A sickly, 425-pound woman reportedly deemed "too fat to fly" died after being denied a spot on three separate flights from Hungary.
In October, Vilma Soltesz, 56, was attempting to travel home to the Bronx in New York City after spending several weeks on vacation with her husband in Hungary. According to The New York Post Soltesz was told she couldn't board KLM, Delta and Lufthansa flights. The 425-pound woman, who suffered from both kidney disease and diabetes and used a wheelchair because she had only one leg, died nine days after allegedly being kicked off the first of the three New York-bound jets.
Vilma's husband, Janos, has filed a $6 million lawsuit against KLM and Delta, claiming that his wife was forced off the flights because of her weight, CBS New York reports.
Attorney Peter Ronai explained Soltesz's saga to CBS NY.
“She was first waiting in the airport for five hours, they then told her they wouldn’t accept her on the plane but that she should drive to Prague," he said. "She drove to Prague and they put her on the seat and they couldn’t belt her in so the captain came out of the cockpit and made her get off." When the couple finally found a flight, it was too late. “They finally found a flight in Vienna. Her husband went in to get her but she had already passed away in the bedroom.”
As the Daily Mail notes, the airlines involved issued statements about rejecting Soltesz as "too fat to fly" before her death.
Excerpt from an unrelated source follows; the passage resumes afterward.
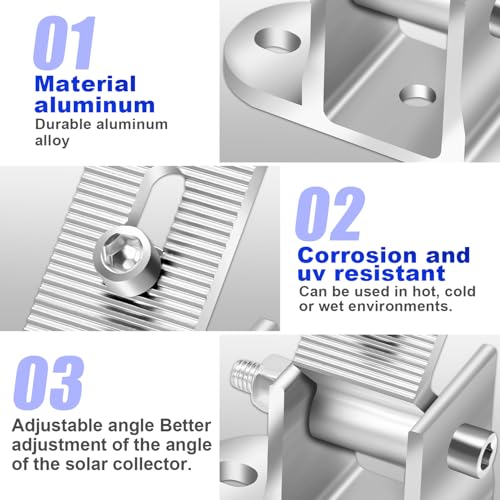 Support pour panneau solaire en aluminium robuste avec angle modulable 0-60°
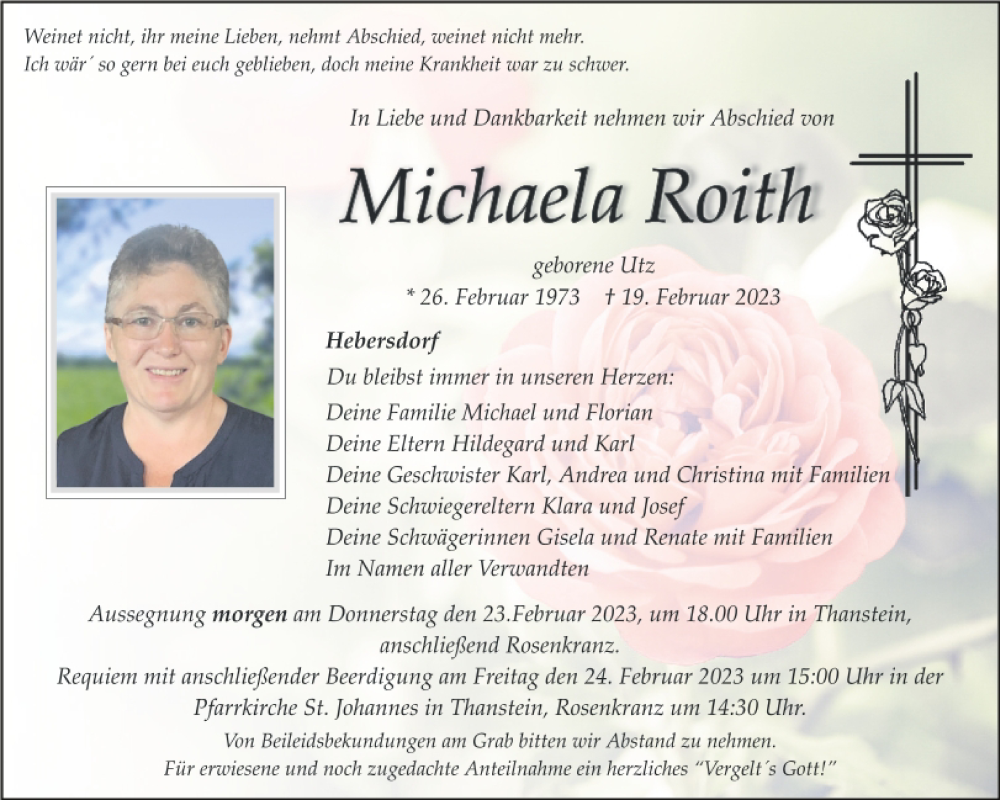  Traueranzeige für Michaela Roith vom 22.02.2023 aus Mittelbayerische Zeitung Schwandorf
“Delta and KLM did everything possible to assist the family,” read a statement from Delta. ”When KLM was unable to safely board Mrs. Soltesz in Budapest, it was determined she might be able to fly on the larger Delta aircraft out of Prague, but unfortunately that was not the case. Our records indicate Delta staff in Prague made repeated attempts for nearly an hour to board the customer, but they were unable to get her onboard the aircraft.”
Soltesz is not the only passenger reportedly deemed too fat for air travel.
Director Kevin Smith famously went on a Twitter rant after being kicked off a Southwest Airlines flight for being too fat in 2010. A New Orleans woman claimed that a Southwest Airlines attendant deemed her too fat to fly last Easter.
Some airlines consider obesity a medical condition and offer a free seat with an accompanying doctor's note, while others require the passenger to purchase a second ticket.